Ci sarebbe anche la minaccia di causa intentata ai Cinque Stelle da Ludovico Einaudi per le (poche, come sempre) note di ‘Divenire’, utilizzate dal movimento per uno spot televisivo anti-euro. Citeremo invece una delle querelle più recenti: è il dicembre del 2018 quando la Lega riunita in Piazza del Popolo a Roma decide di scaldare gli animi dell’elettorato sulle note de ‘Il cielo è sempre più blu’, riciclando a proprio favore uno degli evergreen della sinistra, segno che la musica è senza confini e la politica è senza vergogna. A questo punto, il cielo da blu si fa plumbeo e la famiglia di Rino Gaetano ne ha abbastanza: “La politica non utilizzi più le sue canzoni. Rino non ha colori politici. Ha suonato alcune volte alla Festa dell’Unità, ma lui era solo a favore del popolo e contro chi tradiva i suoi ideali”. Tanto per essere precisi, e in risposta alla Sony cui si erano appellati per ottenere supporto (e che aveva risposto “Comunque i partiti pagano la Siae"), la sorella e il nipote del cantautore morto a
Roma nel giugno del 1981 poco più che trentenne (e oggi più moderno di Achille Lauro) dichiarano a Repubblica che la Siae non è il punto.

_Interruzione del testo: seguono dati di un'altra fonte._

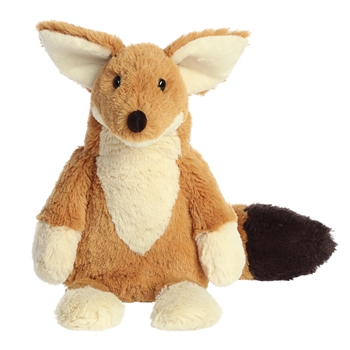 Talltales Fox Stuffed Animal by Aurora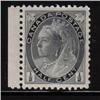 Image 1 : #74 XF NH FRESH C$30,00 A PERFECTION MARGIN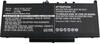 Sülearvuti aku Coreparts MBXDE-BA0127, 7.4V, 7200mAh, 53.28Wh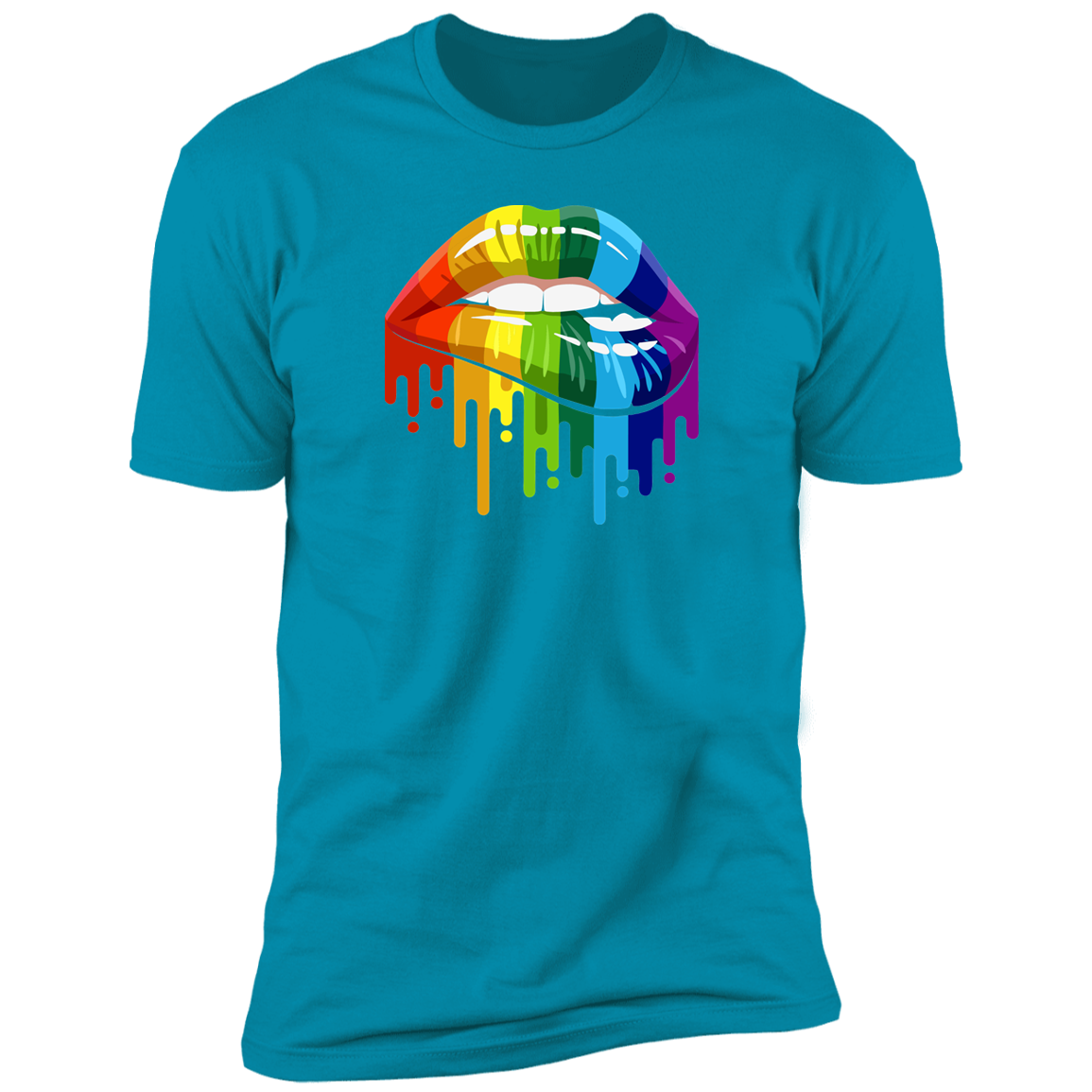 Pride Lips T-Shirt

‘Quella canzone ha distrutto la mia carriera’
Nel Ticino delle buone maniere c’è serenità tra Sebalter e le istituzioni, con la musica del cacciatore di stelle che echeggia nelle segreterie telefoniche dell’Amministrazione cantonale senza particolare distinzione partitica. Non corre rischi, comunque, chi in politica le canzoni se le scrive da sé. Che è quello che di norma ha fatto il sempre più rimpianto* Silvio Berlusconi, che le canzoni per far battere i cuori degli elettori e delle elettrici le commissionava ex novo. A partire da ‘Forza Italia’ (“Forza, alziamoci. Il futuro è aperto, entriamoci”), inno dell’omonimo partito composto un anno prima della sua discesa in campo dai maestri Renato Serio e Augusto Martelli (al secondo si devono le sigle de ‘Il pranzo è servito’ e ‘Casa Vianello’), ad ‘Azzurra libertà’ (2000), il brano dei Giovani di Forza Italia che nel 2016 allo zio Silvio diranno addio. Ma gli amanti del ritornello che non va più via ricorderanno ‘Menomale che Silvio c’è’ (anche nella variante ‘Meno male che Silvio c’è’, si rimanda eventualmente alla Treccani), brano che nel 2008 accompagnò il Cavaliere al trionfo elettorale non senza alcune perplessità sul fatto che si trattasse di tributo e non di presa in giro. “Quella canzone ha distrutto la mia carriera”, dichiarerà una decina d’anni dopo Andrea Vantini, autore dell’opera, denunciando alla stampa italiana l’essere stato emarginato: “Un’affermazione grave – dirà del titolo della sua canzone – che il mondo dello spettacolo, foraggiato economicamente dalla sinistra, mi sta ancora facendo pagare”. Chissà come l’avrebbe presa il mondo della poesia (al momento di andare in stampa non siamo in grado di dire chi foraggia il mondo della poesia) se Vantini avesse mantenuto il titolo originario, ‘A Silvio’.